4 thoughts on “College, a necessary evil?”

  1. I really liked your emphasis on “The student is the customer” and it’s true. The reality is that we buy education. We buy high education in order to get some sort of success. Colleges are very expensive nowadays for the prestige that it has and the quality of the professional that graduate from such college. In the market of education, prestige and quality set the price. The rates to find a job increase when you are graduated from Harvard, It’s not the same as a city college, and unfortunately this rank is what makes higher education so expensive.

  2. Hello Mohammed. l think high tuition is the main problem to students who want to get higher education.
    You also pointed out there’s still hope,and l agree with that.But it’s
    very tiny to rest of students,so l think the main way to rise hope is reduce tuition in the future,since we
    can’t do it in a short time.

  3. Wow, good analysis Mohammed. The main point that really blew me away is this idea that modern higher education is a business not a service. That one college gets a rock climbing wall and a 28 person hot tub, than the next college has to do the same. What the hell is going on here. Why are they doing this? So they get more students. How do they afford this? By screwing over said students in the long run with crippling additional student debt. Tens of thousands of dollars of student debt. They are not doing a service to these kids by adding these amenities. I apologize if this seems inappropriate or vulgar, but this is a white collar version of the stereotypical child molester waving candies out the window of his white van. They’re showing these kids that they’re doing them a favor but in reality, they’re messing these kids over for life.

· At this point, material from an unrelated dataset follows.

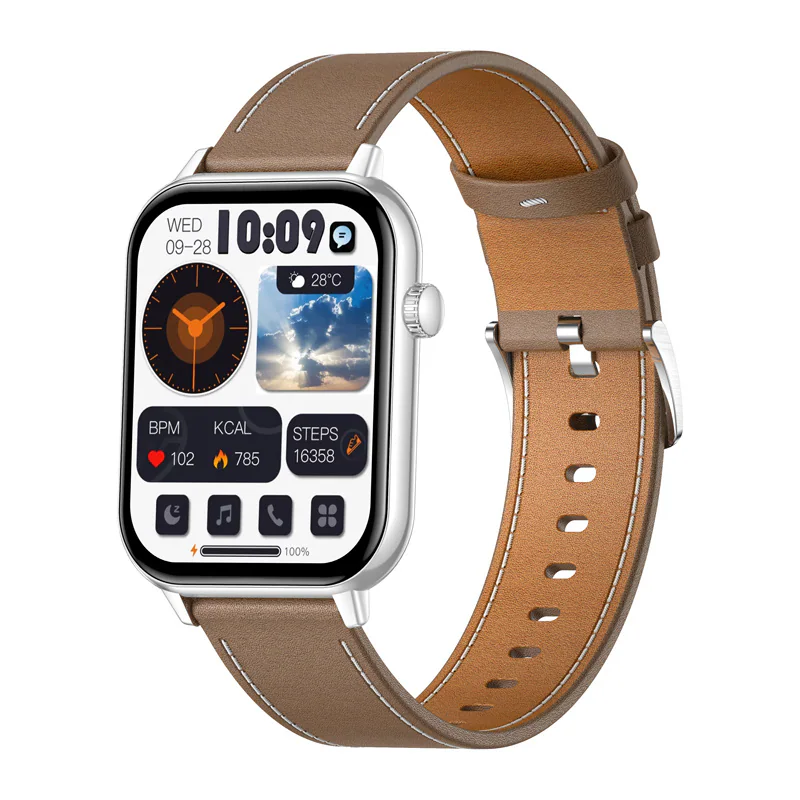 Colmi C28 Smartwatch Brown Leather Strap, bild 2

  4. Good job on the organization of the blog! I liked how you provided examples after each major point. You toned your blog to the negative aspect of education and tuition. There is so much money being put to education, but does it all go to education? Students are the target for colleges to get what they want, which is money, but colleges should also provide students with what they need, a job. A “student is the customer” don’t you think they should be satisfied with their purchase?